La Suisse romande, ce grand mythe
Le redécoupage des frontières communales ou cantonales est à la mode en Suisse. Journalistes, politiciens, experts en tous genres retrouvent leurs plaisirs d’écoliers quand ils peuvent redessiner les vieilles cartes Dufour avec des crayons de couleur. Ici, c’est Jean Studer qui sauve une campagne électorale terne avec l’idée d’un super-canton du Jura qui s’étendrait du Locle à Porrentruy. Là, ce sont l’Hebdo et la TSR qui remettent au goût du jour une Romandie qui ferait pièce à l’omnipotence zurichoise.
C’est amusant, ça fait rêver (pas trop), on caresse l’ego minoritaire dans le sens du poil, mais dans les faits on ne fait que sacrifier inutilement au dernier slogan du jour : « big is beautiful », plus c’est gros, plus c’est beau. C’est vrai que la globalisation a créé le besoin de grands espaces et fait sauter le seuil habituel des masses critiques. Mais le complexe du petit, qui nous hante, nous autres de la minorité francophone, ne doit pas nous obséder au point de nous aveugler sur les tendances lourdes qui labourent le terroir romand et contredisent parfois la doxa dominante.
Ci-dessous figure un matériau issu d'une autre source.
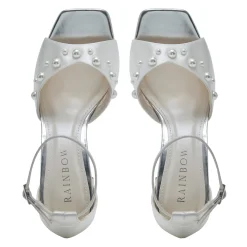 Rainbow Club Maya Mid Elfenbein Satin Perlen Blockabsatz Sandalen (Weite Passform)* Hochzeitsschuhe | Schuhe Mit Mittlerem Absatz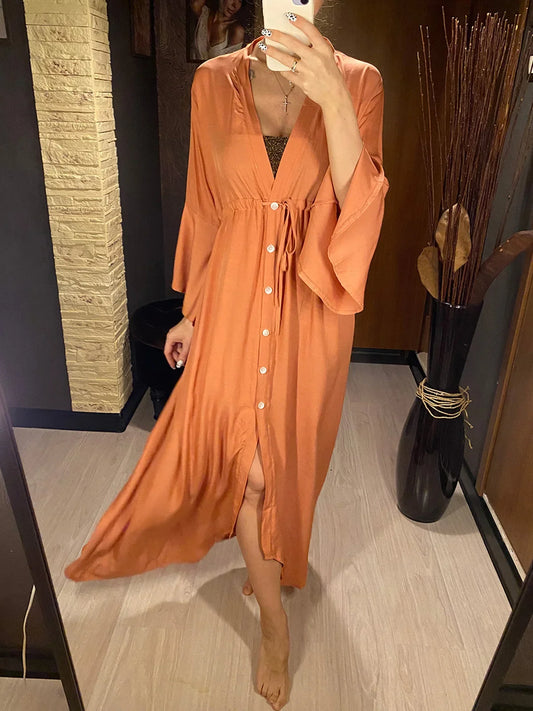 2024 New Sexy Beach Long Maxi Dress Women Beach Cover Up Tunic Pareo White V Neck Dress Robe Swimwear Cover Up Bikini Beachwear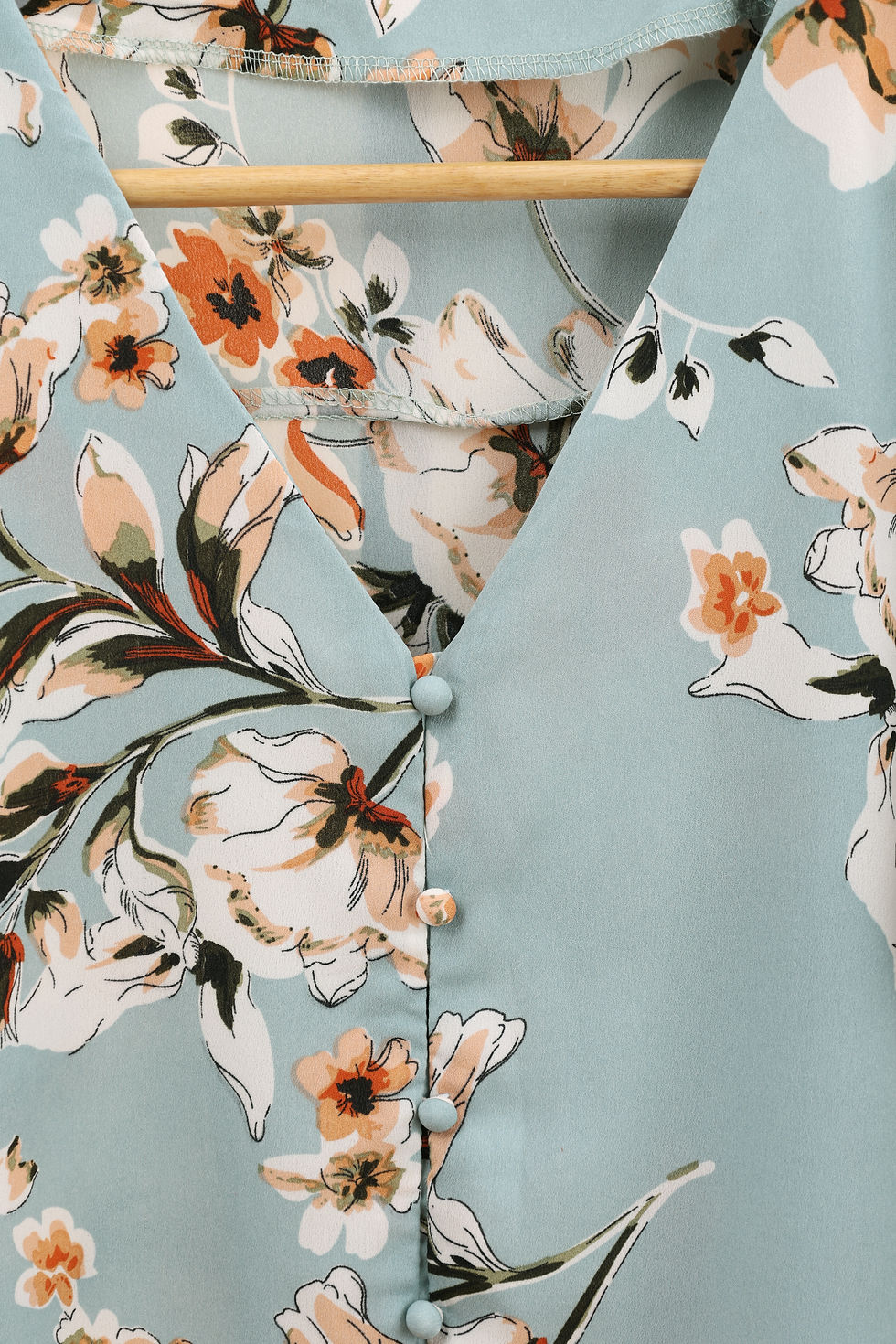 Thumbnail: Aqua & Multi Floral Frill Sleeve Top(XXL)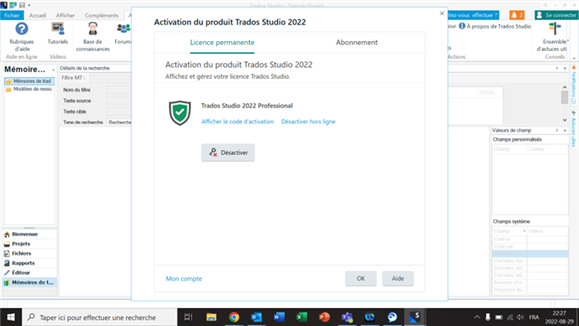 Trados Studio 2022 product activation window showing the software is activated with a permanent license.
Un mois après le déluge d'articles élogieux sur le super-canton jurassien, le canton du Jura lâche la promotion économique romande et conclut un accord de coopération économique avec Bâle. Dans le même temps, les constituants genevois rêvent de découper la Ville de Genève en rondelles et de revenir aux années 1930, avant que les communes des Eaux-Vives et du Petit-Saconnex ne fusionnent avec le centre. Un « progrès » qui va à l’encontre de tout ce qui se dit, s’écrit et se pense ailleurs en Suisse. Et comment concilier le projet d’agglomération franco-valdo-genevoise avec l’éclatement du canton en une poignée de nouvelles communes de taille moyenne, privées de centralité, d’homogénéité et donc de dynamisme interne ? Inversement, la renaissance d’une ville comme Renens, que l’on disait sinistrée, montre qu’une communauté territoriale modeste peut surmonter ses handicaps toute seule.
Ces exemples montrent que le redécoupage du territoire - fusion de petites communes et très proches d’esprit mise à part - n’a guère de sens et que les vrais enjeux sont ailleurs. Ils sont dans les infrastructures (rail, route, aéroport) et des projets structurants pour la région (swissmetro, CEVA, traversée du lac…), l’investissement dans la matière grise et la mise en commun des ressources de recherche et de développement (campus communs, technologies et centres de recherches partagés). Sur le plan politique, l’accent devrait être mis sur une coopération accrue (harmonisation scolaire et du système fiscal, lobbyisme commun face aux Alémaniques). L’énergie réformatrice devrait se cristalliser contre les tabous paralysants (adhésion à l’Union européenne).
L’envie de Suisse romande est une réaction compréhensible contre le cantonalisme et l’esprit de clocher. Mais elle ne devrait pas se figer dans un territoire, horizontalement. Au contraire, elle doit jaillir par le haut, verticalement.